Of course, our data is still in increments of 1 meter and a profile looks correspondingly stepped (see below). I compared the result to the elevation of runkeeper tracks: it comes pretty close. I guess they are using the SRTM data as well, but use interpolation (and a slight blur?) to get a DEM with higher resolution and a smoother profile along the track. We can do this as well, see below. But let’s first save our data to a GPX file.

Save GeoDataFrame as GPX

Geopandas makes it very easy to save our GeoDataFrame as GPX file (note: I defined the filename track_out at the start):

gdf.to_file(track_out, 'GPX', layer='track_points')

Important: This fails if the file already exists! You’ll need to delete an existing file first.

Use layer='waypoints' if you were working with waypoints. (Remember that time must be in datetime and to save the points as track we need ‘track_fid’ and ‘track_seg_id’.)

Extra: Have a look at the DEM

We can also have a quick look at our DEM. Turn the DEM into a map and plot the track:

import matplotlib.pyplot as plt

vmin = dem_array.min()
vmax = dem_array.max()
extent = minx, maxx, miny, maxy

fig, ax = plt.subplots()
cax = plt.imshow(dem_array, extent=extent, 
                  cmap='Spectral_r', vmin=vmin, vmax=vmax)
fig.colorbar(cax, ax=ax)
gdf.plot(ax=ax, markersize=1, zorder=11)

And a histplot of elevations:

import seaborn as sns
sns.displot(dem_array.ravel())

Smooth and upscale the DEM

To get a smoother profile along the track, we can smooth and upscale our DEM. Note: The upscaled data is not necessarily more accurate. First we have to cast our array to float. Then we can apply a slight gaussian blur to smooth out the steps in the terrain. Of course, the rounded values should still be the same as the original int values (sigma=0.33 works fine for my example, you might want to adjust it).

dem_array_float = dem_array.astype(float)

from scipy import ndimage

# Blur to reduce the steps in the DEM.
# With sigma 0.33 I am still very close to the original.
dem_array_float = ndimage.gaussian_filter(dem_array_float, sigma=0.33)

Now we can upscale our array to get a pixel for every few meters. Note: scipy.ndimage.zoom() resamples with cubic interpolation with order=3 (the default). We also need a new transform matrix.
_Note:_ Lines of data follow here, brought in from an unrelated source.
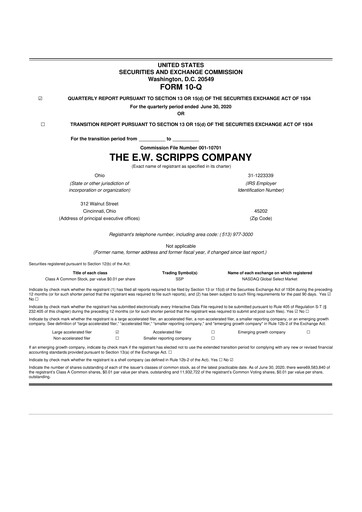 Thumbnail E. W. Scripps Company
 10-Q Quarterly Report FY2020 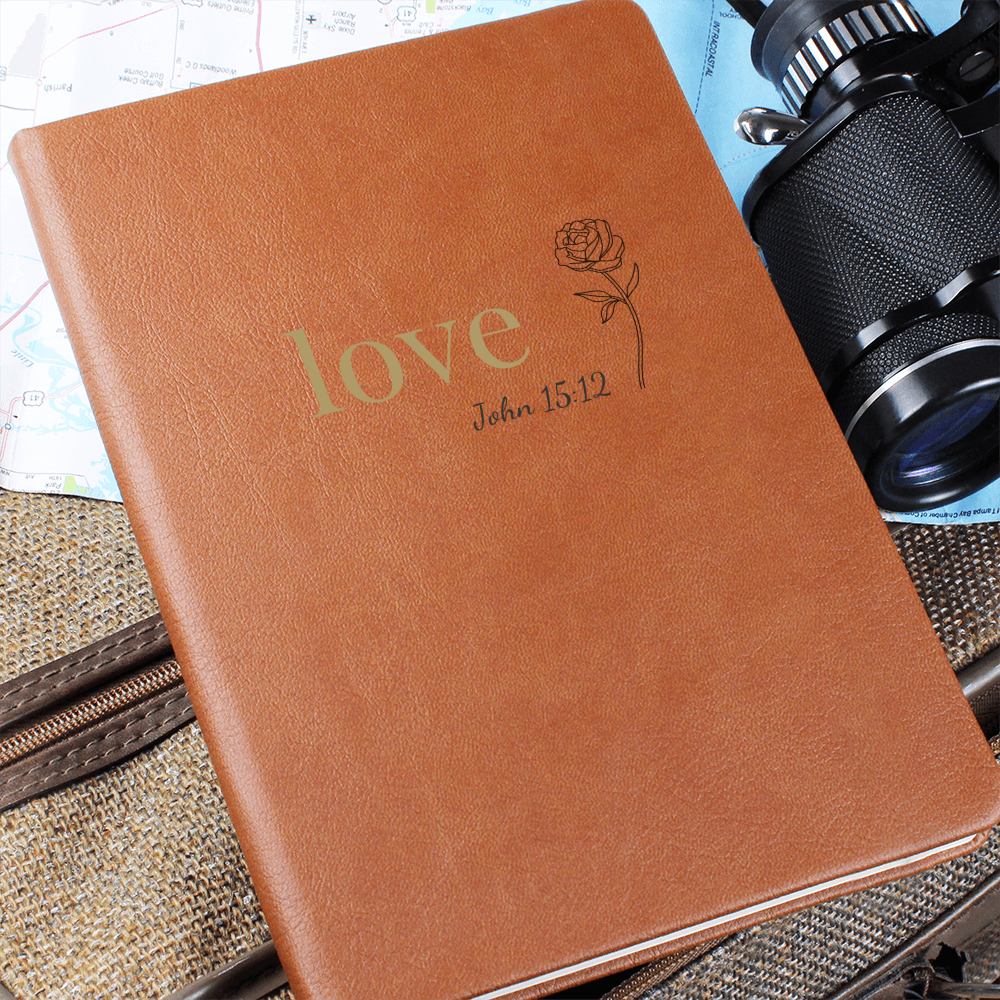 Love Leather Journal - John 15:12 Scripture Cover - Inspirational Journal - Faith-Based Stationery, Ruled Line
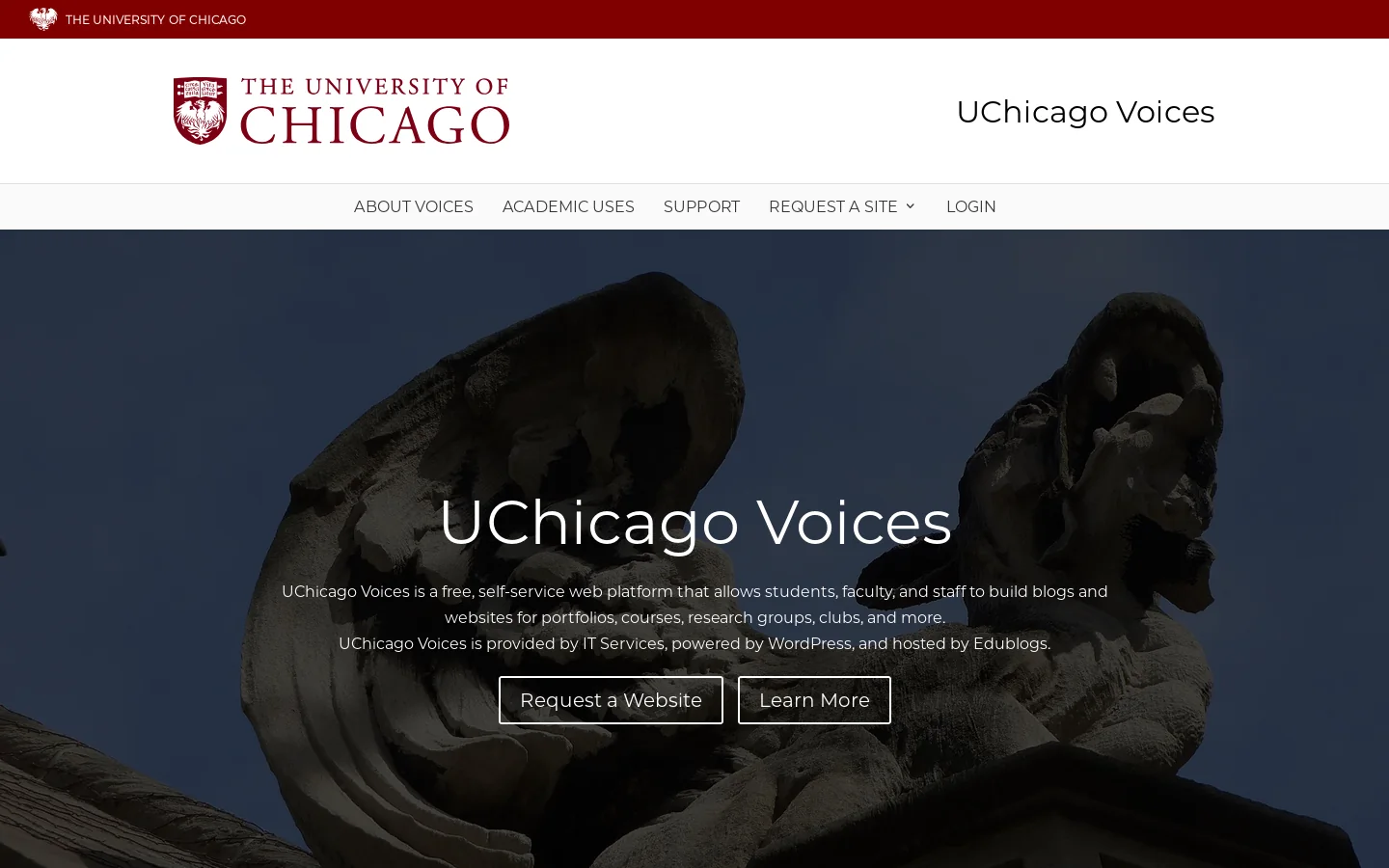 UChicago Voices | A platform for sharing your voice Homepage screenshot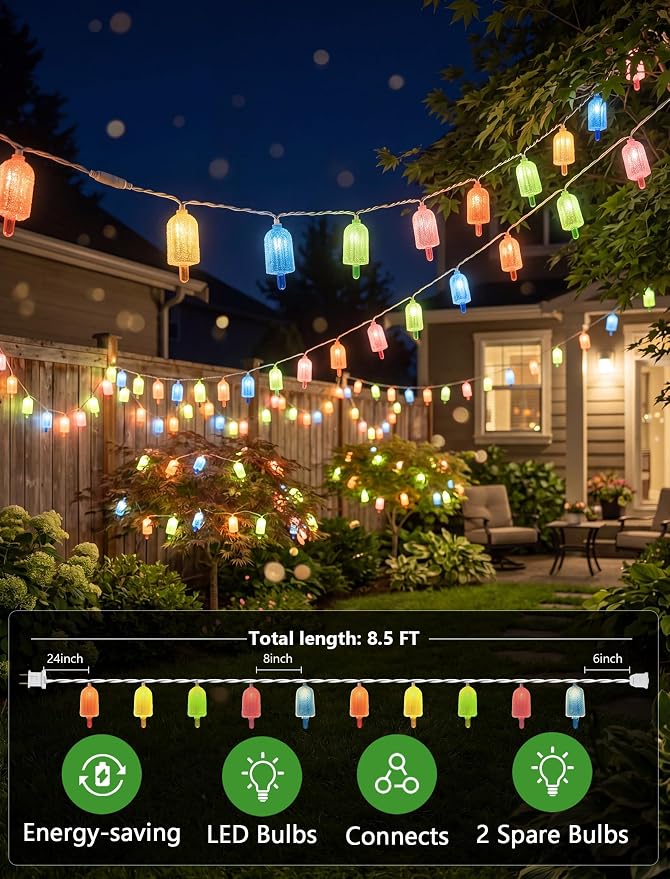 Tropical Beach Themed LED Popsicle String Lights 8.5Ft Summer Novelty Decorations Light with 10 Multicolor Ice Cream Lights, Plug in Fairy Light for Outdoor Patio Garden Bedroom Tent Birthday Party
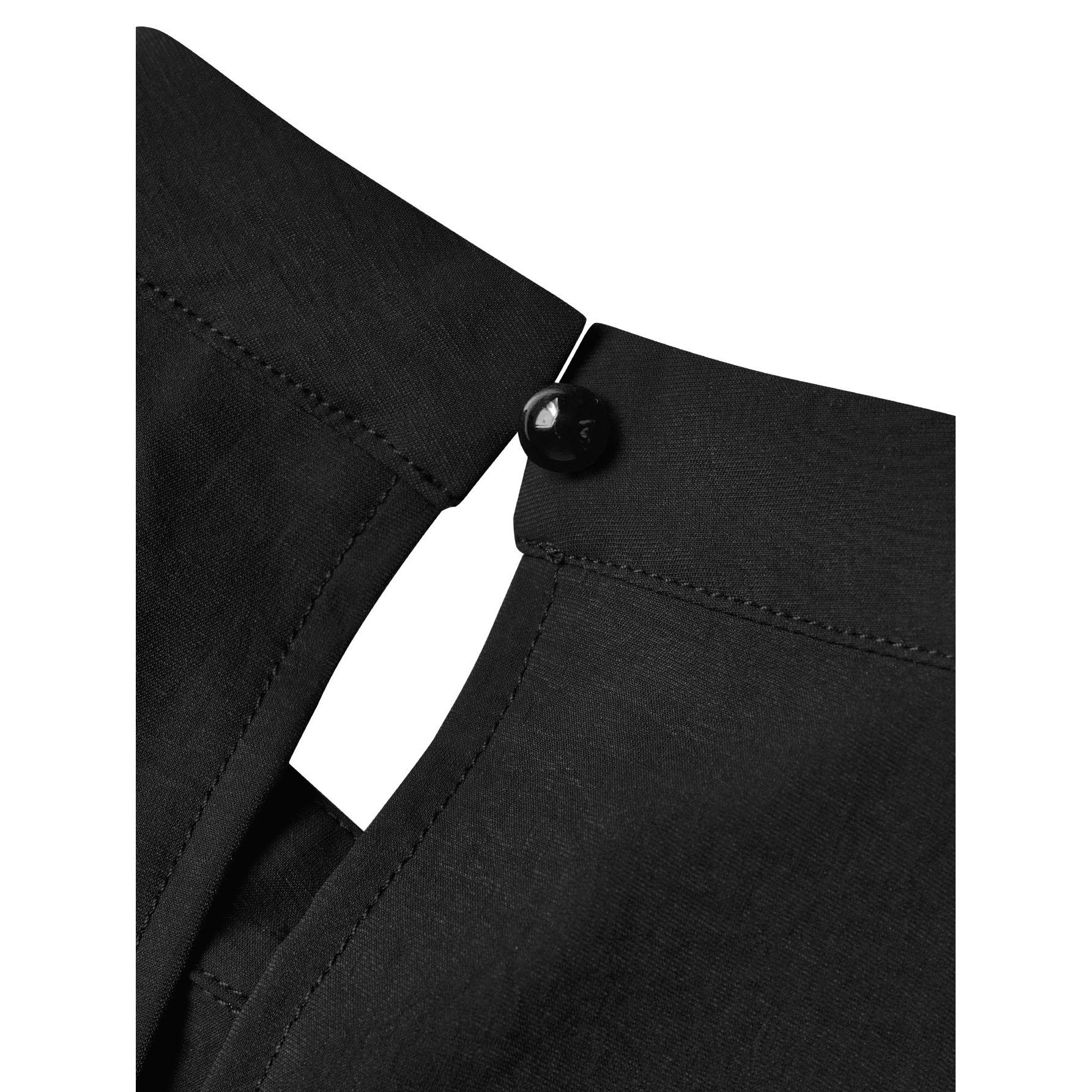 Повседневная женская модная однотонная рубашка с высоким воротником и длинными рукавами — фото 17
It will be used by rasterio to map coordinates (latitude, longitude) to pixel indices.

upscale_factor = 5

# Upscale the array
dem_array_float = ndimage.zoom(dem_array_float, upscale_factor).round(decimals=1)


# Scale the transform matrix
transform = dem_data.transform * dem_data.transform.scale(
        (dem_data.width / dem_array_float.shape[-1]),
        (dem_data.height / dem_array_float.shape[-2])
    )

Now we are ready to sample the elevation data for our track points:

gdf['ele_resample'] = dem_array_float[rasterio.transform.rowcol(transform, gdf['geometry'].x, gdf['geometry'].y)]

We can plot a profile (after calculating the distance along the track):

The figure zooms into a part of my track: blue using elevation of the original DEM with int values, orange using the smoothed and upscaled DEM. Since I used a runkeeper track, I can calculate the difference of my models with the elevation reported by runkeeper. Using describe() I get:

Using the upscaled DEM, my elevation is within ± 1 m of the value reported by runkeeper for more than 50 % of all trackpoints. Pretty impressive! There are some outliers, but I don’t know which model is closer to the real terrain.